Working data:
+ + + +

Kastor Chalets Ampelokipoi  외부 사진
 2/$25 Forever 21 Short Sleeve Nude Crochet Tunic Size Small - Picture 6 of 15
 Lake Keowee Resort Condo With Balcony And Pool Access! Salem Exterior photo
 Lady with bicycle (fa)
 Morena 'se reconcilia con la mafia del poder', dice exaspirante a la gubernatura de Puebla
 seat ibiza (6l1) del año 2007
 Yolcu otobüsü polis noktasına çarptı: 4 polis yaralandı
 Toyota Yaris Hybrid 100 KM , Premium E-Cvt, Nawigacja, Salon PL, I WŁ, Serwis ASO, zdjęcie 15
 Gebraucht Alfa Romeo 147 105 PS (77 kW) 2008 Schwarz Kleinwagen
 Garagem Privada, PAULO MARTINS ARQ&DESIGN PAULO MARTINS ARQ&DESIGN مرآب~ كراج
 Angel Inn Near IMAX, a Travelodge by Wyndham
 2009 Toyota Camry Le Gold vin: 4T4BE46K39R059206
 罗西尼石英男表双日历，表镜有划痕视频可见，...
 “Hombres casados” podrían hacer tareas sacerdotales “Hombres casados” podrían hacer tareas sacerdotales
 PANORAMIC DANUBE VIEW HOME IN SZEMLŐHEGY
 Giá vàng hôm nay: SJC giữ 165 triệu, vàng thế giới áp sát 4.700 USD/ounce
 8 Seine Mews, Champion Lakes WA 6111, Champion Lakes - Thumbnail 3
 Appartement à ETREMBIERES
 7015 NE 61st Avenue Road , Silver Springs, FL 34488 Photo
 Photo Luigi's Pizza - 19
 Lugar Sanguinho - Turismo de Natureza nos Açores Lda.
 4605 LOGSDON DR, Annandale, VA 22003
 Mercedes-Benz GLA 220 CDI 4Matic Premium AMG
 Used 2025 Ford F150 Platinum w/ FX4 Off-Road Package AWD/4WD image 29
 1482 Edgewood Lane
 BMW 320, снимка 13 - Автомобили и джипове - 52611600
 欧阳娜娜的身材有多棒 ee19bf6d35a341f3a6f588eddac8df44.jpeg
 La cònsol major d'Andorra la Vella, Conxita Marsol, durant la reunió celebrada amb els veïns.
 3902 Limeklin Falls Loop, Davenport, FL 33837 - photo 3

+ + + +

Your instructions: Each of the records is to be repeated word for word.

Written reply:
Kastor Chalets Ampelokipoi  외부 사진
 2/$25 Forever 21 Short Sleeve Nude Crochet Tunic Size Small - Picture 6 of 15
 Lake Keowee Resort Condo With Balcony And Pool Access! Salem Exterior photo
 Lady with bicycle (fa)
 Morena 'se reconcilia con la mafia del poder', dice exaspirante a la gubernatura de Puebla
 seat ibiza (6l1) del año 2007
 Yolcu otobüsü polis noktasına çarptı: 4 polis yaralandı
 Toyota Yaris Hybrid 100 KM , Premium E-Cvt, Nawigacja, Salon PL, I WŁ, Serwis ASO, zdjęcie 15
 Gebraucht Alfa Romeo 147 105 PS (77 kW) 2008 Schwarz Kleinwagen
 Garagem Privada, PAULO MARTINS ARQ&DESIGN PAULO MARTINS ARQ&DESIGN مرآب~ كراج
 Angel Inn Near IMAX, a Travelodge by Wyndham
 2009 Toyota Camry Le Gold vin: 4T4BE46K39R059206
 罗西尼石英男表双日历，表镜有划痕视频可见，...
 “Hombres casados” podrían hacer tareas sacerdotales “Hombres casados” podrían hacer tareas sacerdotales
 PANORAMIC DANUBE VIEW HOME IN SZEMLŐHEGY
 Giá vàng hôm nay: SJC giữ 165 triệu, vàng thế giới áp sát 4.700 USD/ounce
 8 Seine Mews, Champion Lakes WA 6111, Champion Lakes - Thumbnail 3
 Appartement à ETREMBIERES
 7015 NE 61st Avenue Road , Silver Springs, FL 34488 Photo
 Photo Luigi's Pizza - 19
 Lugar Sanguinho - Turismo de Natureza nos Açores Lda.
 4605 LOGSDON DR, Annandale, VA 22003
 Mercedes-Benz GLA 220 CDI 4Matic Premium AMG
 Used 2025 Ford F150 Platinum w/ FX4 Off-Road Package AWD/4WD image 29
 1482 Edgewood Lane
 BMW 320, снимка 13 - Автомобили и джипове - 52611600
 欧阳娜娜的身材有多棒 ee19bf6d35a341f3a6f588eddac8df44.jpeg
 La cònsol major d'Andorra la Vella, Conxita Marsol, durant la reunió celebrada amb els veïns.
 3902 Limeklin Falls Loop, Davenport, FL 33837 - photo 3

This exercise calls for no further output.